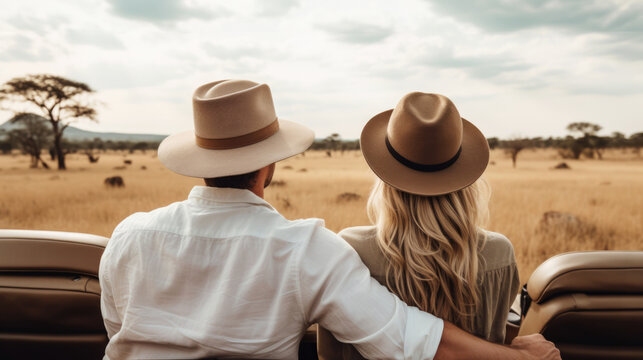male and woman couple with hats on vacation, Jeep safari ride to discover the wildlife animals, exploring the savanna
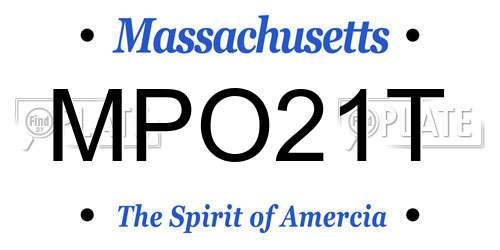MPO21T Massachusetts License Plate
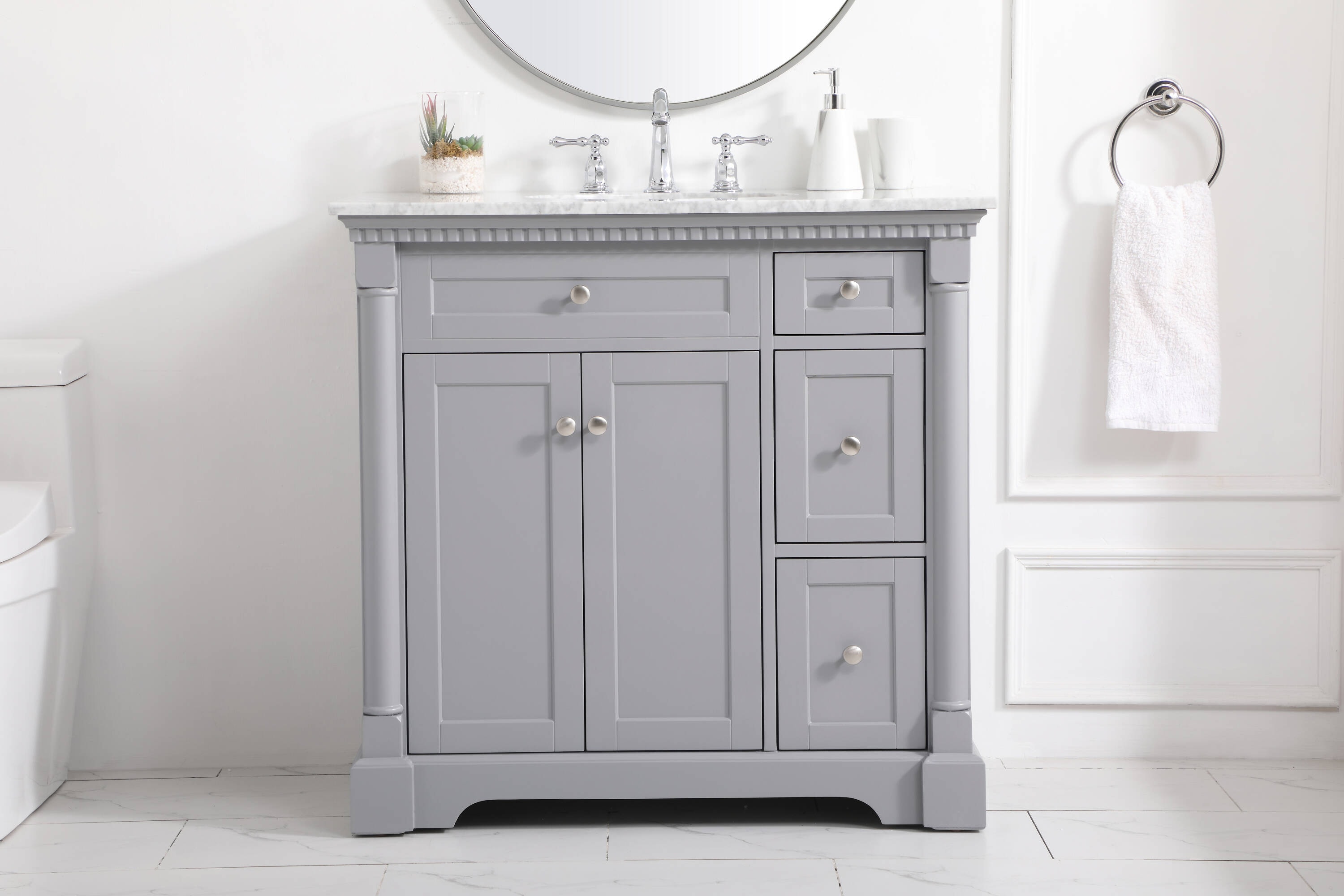 Clarence 36" Gray Solid Wood and Marble Single Bathroom Vanity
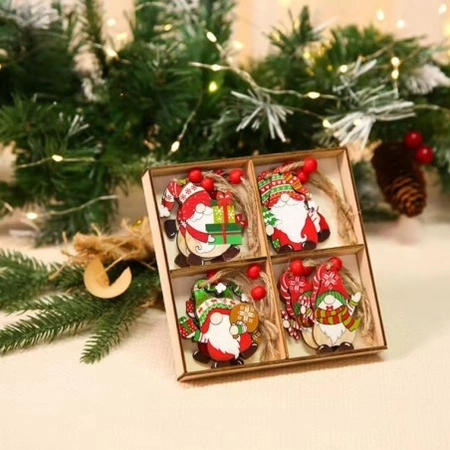 ECARLA Boże Narodzenie zawieszki choinkowe drewniane 12szt KRASNALE BSN77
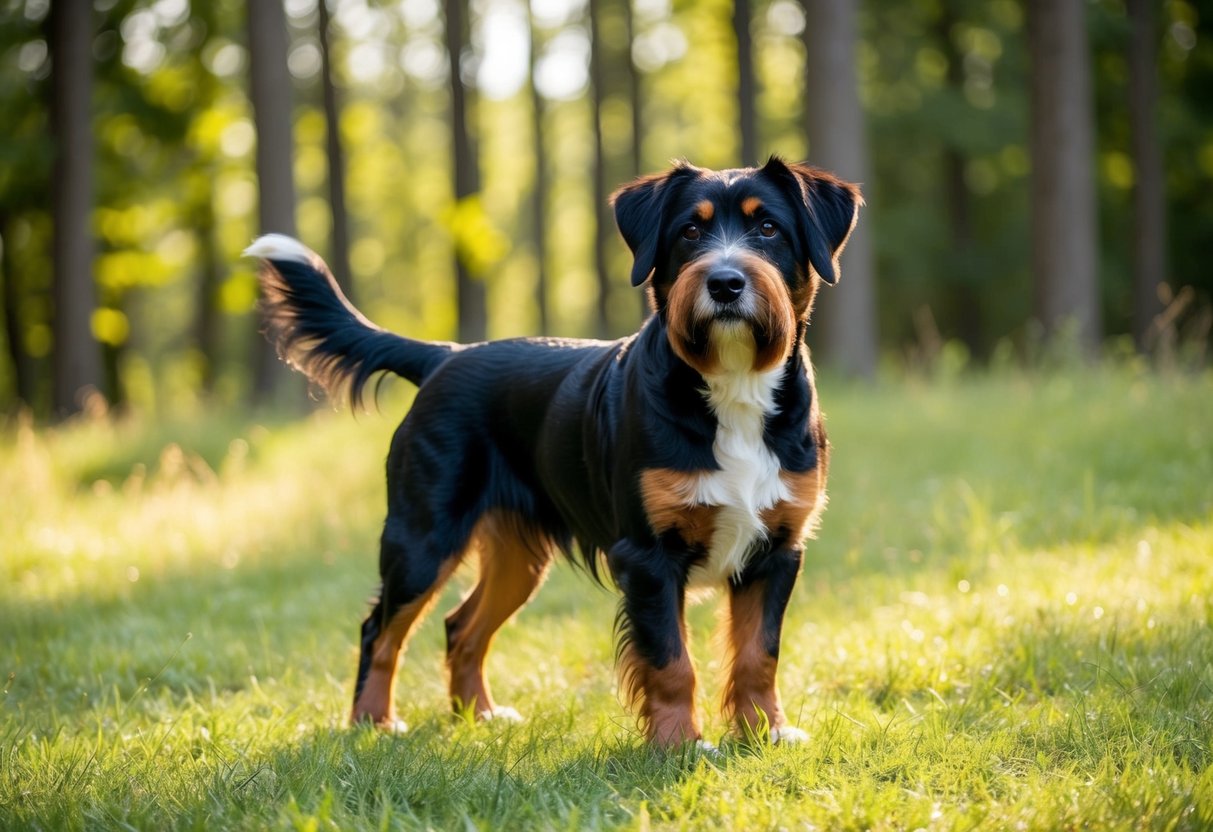 A serene forest clearing with a single, majestic black and tan Lancashire Heeler standing proudly, its unique coat glistening in the sunlight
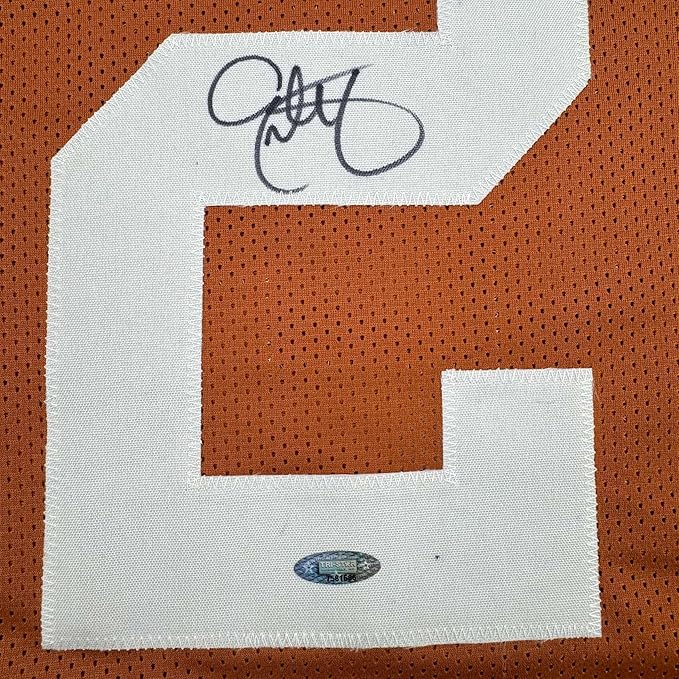 Framed Autographed/Signed Eric Metcalf 35x39 Texas Orange College Football Jersey Beckett BAS COA - Image 2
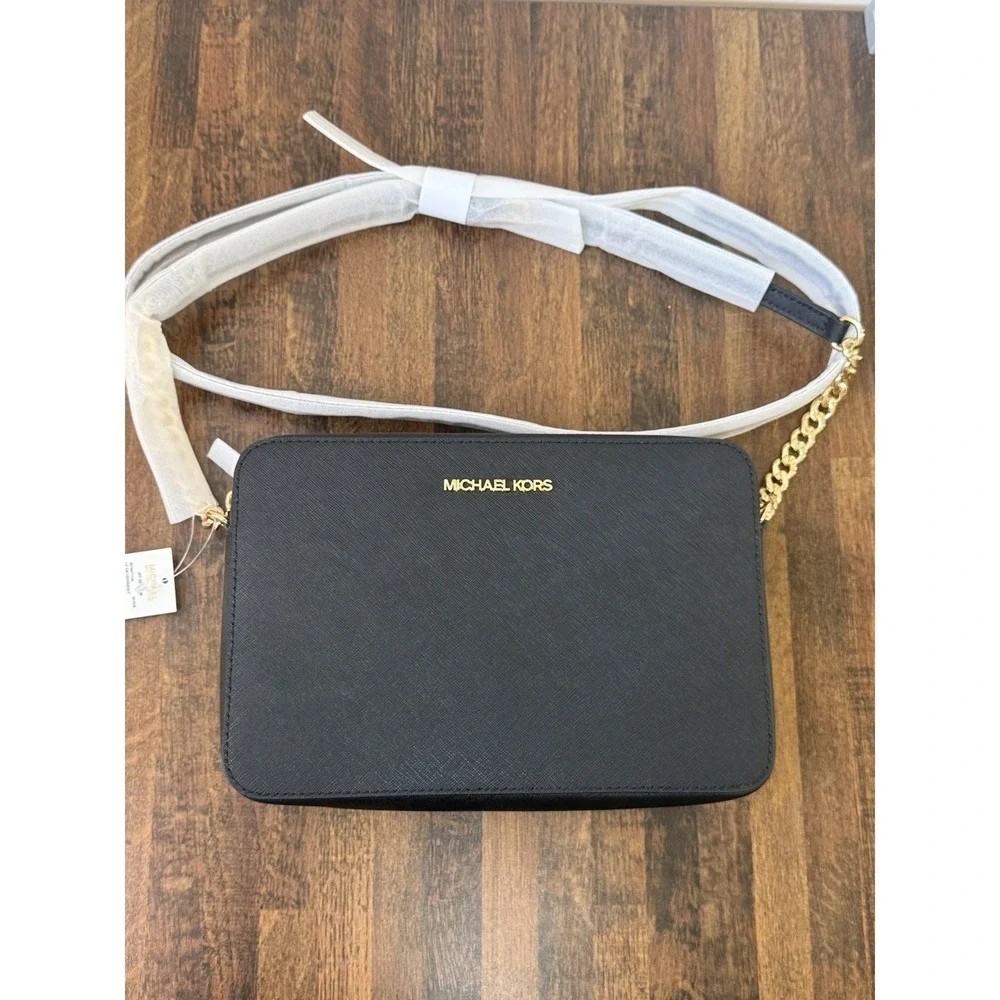 Michael Kors Jet Set Item Large East West Black Gold Crossbody Bag $378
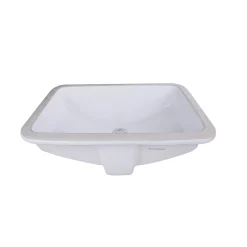 Nantucket Sinks 18 x 12 Glazed Bottom Undermount Rectangle Ceramic Sink in White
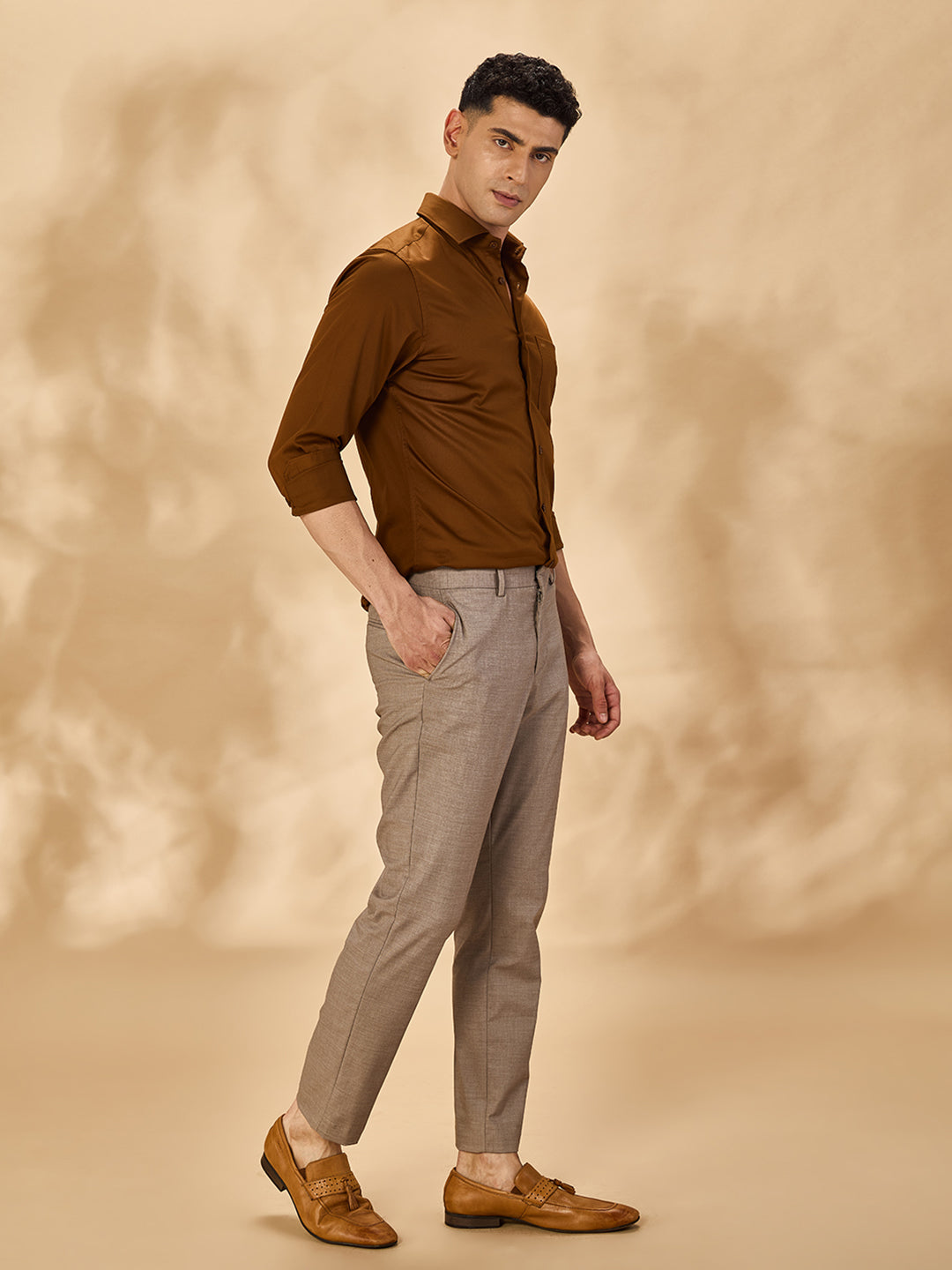 Aldeno Men Satin Stretch Formal Golden Shirt (STEVE)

______________________________

▸ Exercise objective
Return the material exactly as given above, picture-free.

▸ Response area
male and woman couple with hats on vacation, Jeep safari ride to discover the wildlife animals, exploring the savanna
MPO21T Massachusetts License Plate
 Clarence 36" Gray Solid Wood and Marble Single Bathroom Vanity
 ECARLA Boże Narodzenie zawieszki choinkowe drewniane 12szt KRASNALE BSN77
 A serene forest clearing with a single, majestic black and tan Lancashire Heeler standing proudly, its unique coat glistening in the sunlight
 Framed Autographed/Signed Eric Metcalf 35x39 Texas Orange College Football Jersey Beckett BAS COA - Image 2
 Michael Kors Jet Set Item Large East West Black Gold Crossbody Bag $378
 Nantucket Sinks 18 x 12 Glazed Bottom Undermount Rectangle Ceramic Sink in White
 Aldeno Men Satin Stretch Formal Golden Shirt (STEVE)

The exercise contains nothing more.